Ari Aster accurately describes “Midsommar” as “a breakup movie dressed in the clothes of a folk horror film.” Anthropology grad student Christian, played with explicitly vague vacancy by Jack Reynor, puts the minus sign on the core couple’s battery. Florence Pugh provides the plus sign in their disengaged relationship, whose fundamental issues are as unaddressed as they are unspoken, as Christian’s hazy-headed girlfriend Dani.
Our introduction to Dani gives us the first of several spectacular showcases for Pugh’s incredibly affective, emotionally exposed performance. Dani’s concern that she leans too hard on Christian’s skin deep support, potentially pushing him further away, is outweighed by the stress of a troublingly cryptic email from her bipolar sister Terri. Dani considers the name in her Contacts list carefully before finally calling Christian for comfort.

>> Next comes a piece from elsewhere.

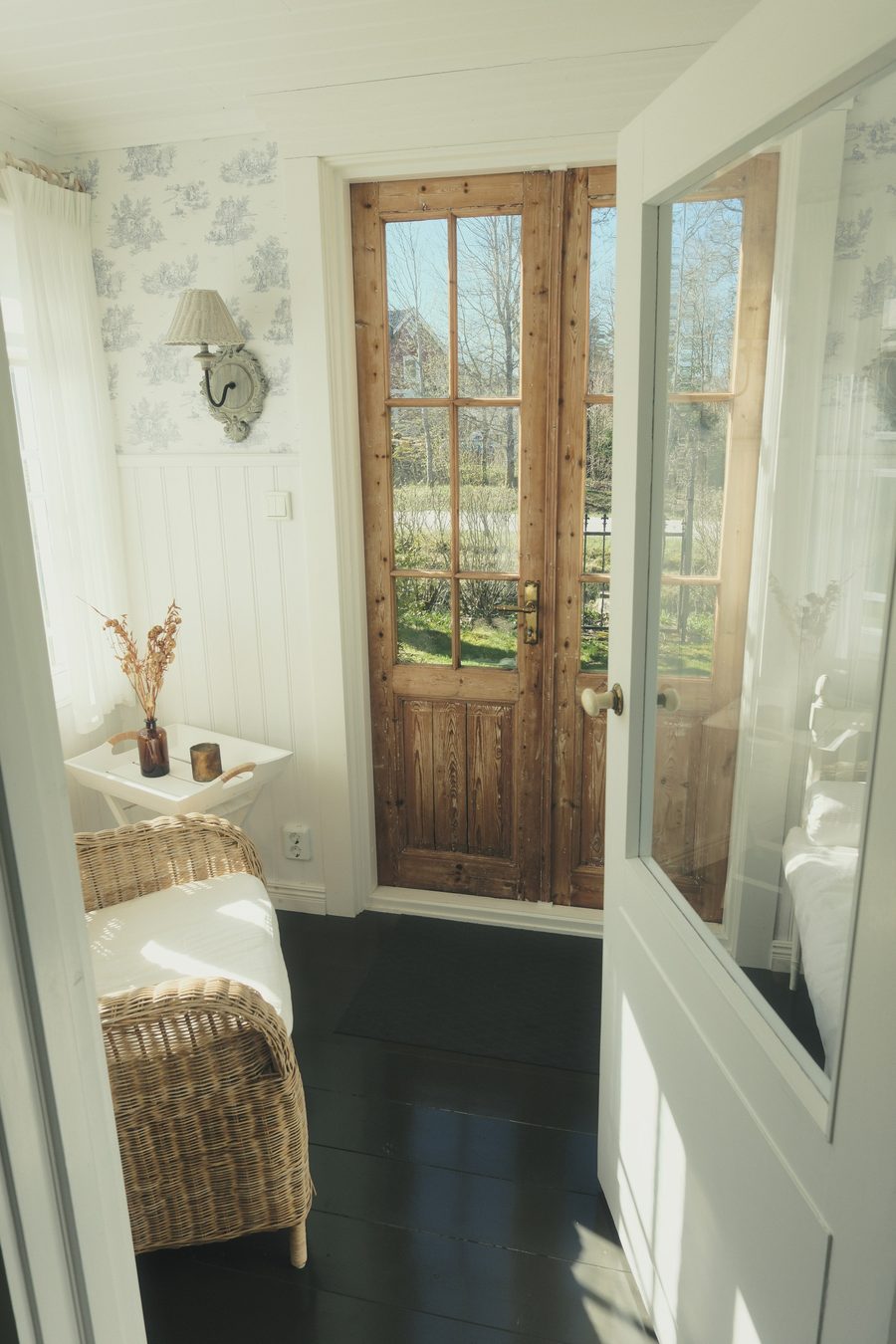 Sunlit entryway with blue toile wallpaper above white beadboard, a wicker armchair and glazed wooden doors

For the next two and a half minutes, the camera frames Dani in a static close-up as she fights tears and wipes sniffles with her sweater sleeve. She’s veiling her breakdown from her boyfriend, but not from voyeuristic viewers. Pugh fantastically wears two faces at once, not for the last time in the film, through a terrific juxtaposition of the truth in her expression versus the hollow words Christian receives. Playing the type of person who reflexively blames herself for her boyfriend forgetting her birthday (she didn’t remind him), Pugh expertly flips between intuitively assertive and obliviously ashamed as her character’s conscious mind struggles for clarity even though she clearly feels safer inside a psychologically fabricated reality.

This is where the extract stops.